The control unit 104 further includes a micro-switch which when opened, switches off the ozone generator, thereby stopping the production of ozone. This micro-switch is attached to the door frame of the side door 202b such that the opening of the door 202b opens the micro-switch and stops the production of ozone.

The control unit 104 also comprises a printed circuit board, various electrical components, mechanical parts and electrical wirings (not shown in the figures) for facilitating the operations of the various components of the apparatus 100. In addition, the control unit 104 comprises exhaust fans configured to cool the components so that they do not overheat. The control unit 104 further comprises wheels 312 for facilitating the movement of the apparatus 100 from one place to another. These wheels 312 are in the form of durable rubber roller wheels. The control unit 104 also comprises a stand 508 which is movable between an extended position and a retracted position. The stand 508 is connected to the bottom drawer tray 502 and is configured to urge against a surface the control unit 104 is placed on when it is in the extended position. This serves to provide greater stability to the control unit 104, which in turn helps to prevent toppling of the apparatus 100. When moving the apparatus 100, the stand 508 is preferably in the retracted position.

The oxidizing unit 102 will now be described in greater detail.

Figs. 6(a) and (b) respectively show a front view and a side view of the oxidizing unit 102. The oxidizing unit 102 comprises a mixing unit configured to receive water from the holding space, oxygen and ozone, and further configured to facilitate the mixing of the water with the oxygen and the ozone.

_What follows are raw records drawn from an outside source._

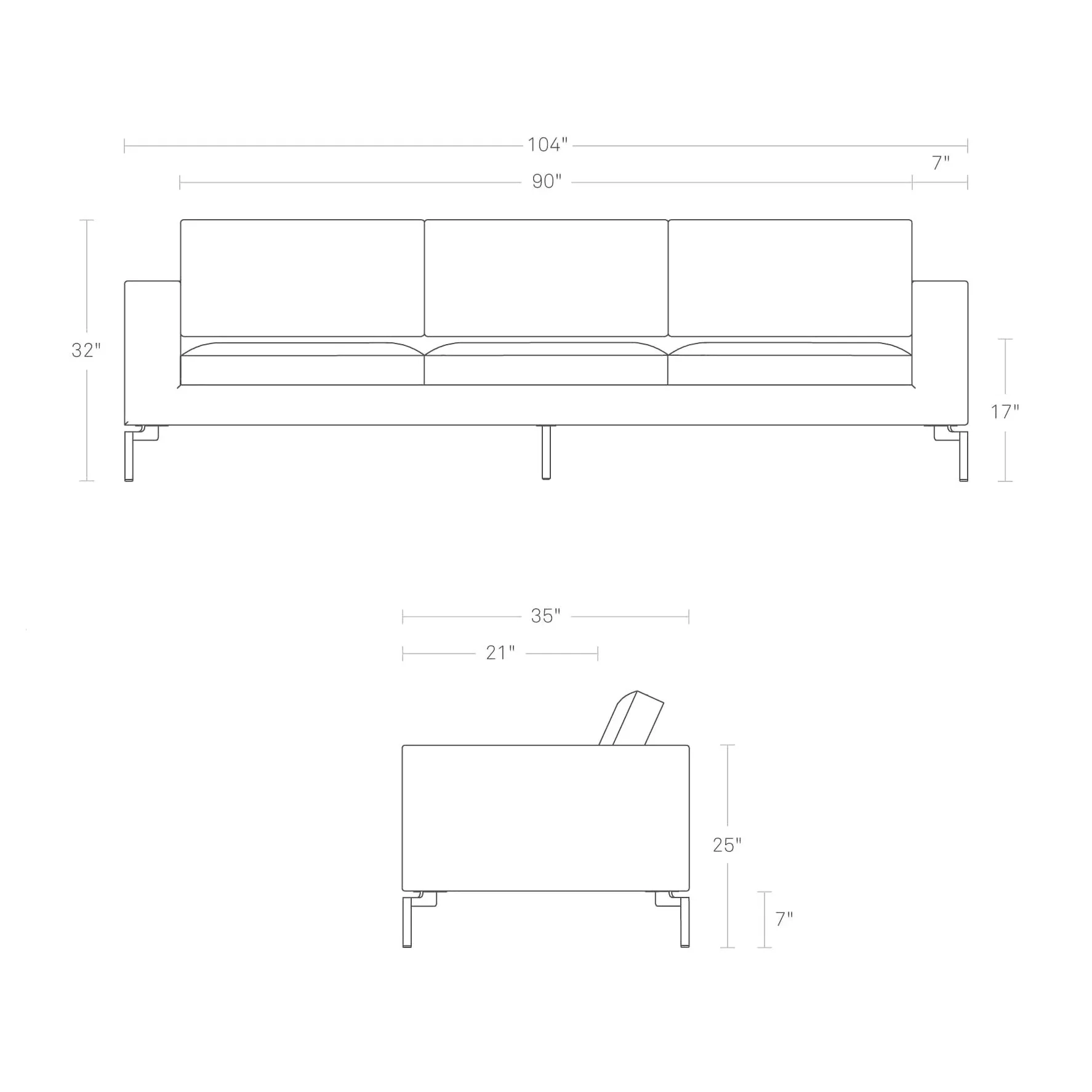 New Standard 104-Inch Sofa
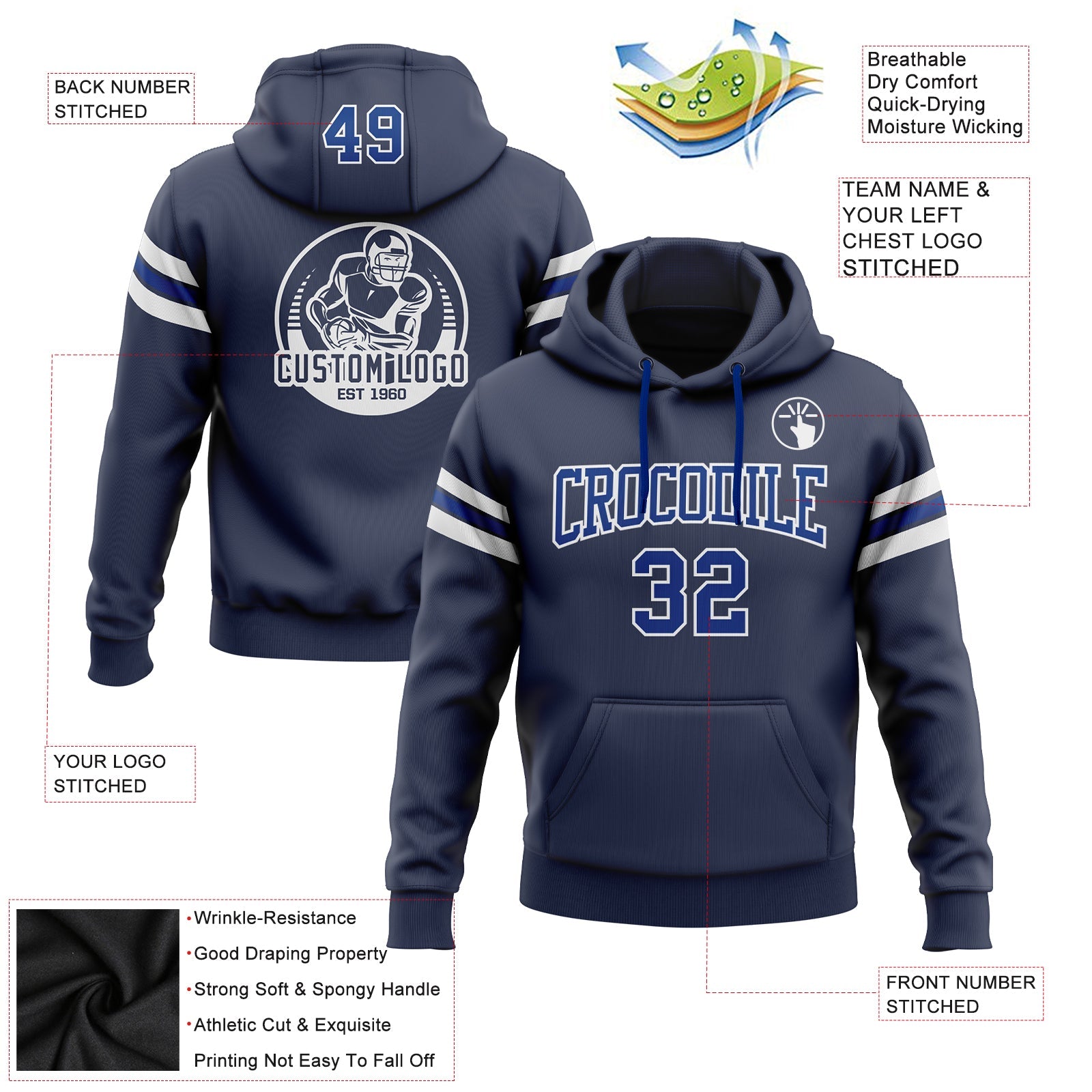 Custom Stitched Navy Royal-White Football Pullover Sweatshirt Hoodie view 2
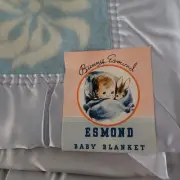 Vtg NEW Old Stock Bunny Esmond Baby Blanket Soft Wool Satin Trim Light Blue Box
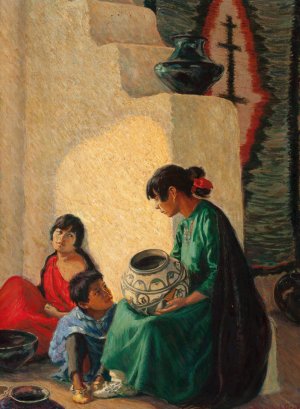 Indian Tales, Taos by Blanche Grant Oil Painting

In particular, the mixing unit comprises two oxidizing columns 602, 604 which are gas and water tight. Each oxidizing column 602, 604 in turn comprises a narrow cylindrical tube configured to allow water to flow through and a plurality of skewed plates arranged to impact on the water flowing through the tube. More specifically, the plurality of skewed plates are arranged to form a vertical spiral structure along the center of the tube, and are formed of a material that facilitates oxidization of the water.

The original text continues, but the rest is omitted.